A single column cannot offer a scientific survey of this phenomenon. Nor can it offer adequate memorial to Marine Wright, by all accounts a remarkable athlete, soldier and family man, whose death stunned friends who thought him “invincible”. Instead, hopefully, some broad hints can be drawn from the response of one southern English town to a military death (the 378th in Afghanistan since 2001).
Graham Winter is mayor of Weymouth and the neighbouring isle of Portland, and he taught James Wright at primary school. Mostly, he ascribes the turnout at the marine’s funeral to the young man’s popularity and high profile in a small community. But he also notes a trend of rising attendance at veterans’ events. There were large crowds at a homecoming parade in July for Royal Tank Regiment troops back from Afghanistan. The underlying cause, he suggests, is growing awareness of the dangers faced by troops overseas, rammed home by press reporting. That awareness should not be confused with endorsement of government policies, the mayor says: if asked why troops were in Afghanistan, many “would find it hard to answer”.
On the Esplanade, Hazel Coleman, a sixth-form student with a part-time job at a souvenir shop, observed the minute’s silence for Marine Wright. But she says—not unreasonably—that the war has “gotten more complicated over the years”, so she only “vaguely” knows why troops are still in Afghanistan. To her, the public mood is “about respect, and people dying”.
The Wootton Bassett effect
During interviews in Weymouth, the example of Wootton Bassett comes up a lot. Locals needed no persuasion to organise a minute’s silence, says the school caretaker behind the tribute, Geoff Bright. But, he admits, there was a sense of: “If Wootton Bassett can do it, so can Weymouth, no getting away from it.”
Whatever the model is, it is not Falklands Britain. Trawl through archive copies of the local newspaper, the Dorset Evening Echo, covering the period of that conflict, and a barely-recognisable country swims into view. In 1982 deaths are reported briskly, and upper lips are still stiff. Opening a large Falklands homecoming fete, a naval officer declares tersely: “I wish you could have seen how our chaps behaved under not ideal circumstances.” Returning troops are greeted with a mixture of amateurish cheer, bunting and alcohol: there are endless reports of “champagne welcomes”, an improbable “sherry reception” for commandos, and—in Dorchester—1,000 free pints of beer.
Three decades on, a new tolerance for public emotion has strict limits, however. One of Marine Wright’s former teachers, now retired, caused anger by telling local reporters that, as well as pride, he also felt sorrow at a “futile waste of a young life”. A “totally inappropriate” comment, retorts a serving school colleague.
Yet if the current public mood is patriotic, it is not deferential.
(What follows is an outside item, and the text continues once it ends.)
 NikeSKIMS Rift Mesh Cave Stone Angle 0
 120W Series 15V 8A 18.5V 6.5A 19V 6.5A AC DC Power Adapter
Phil Thomas, headmaster of Marine Wright’s old school, senses local communities sending a message to the government: “We are recognising these individuals, they are dying on your behalf, make sure you have your policies right.”
Such talk alarms British military commanders. They yearn for public support for the troops, not sympathy, and fret about a debilitating focus on individual losses. A visit to Weymouth suggests they are too late. Overt grief is part of life now, stoked by a public and media hungry for human interest. Will it make future wars harder to fight? Probably. But there is no going back.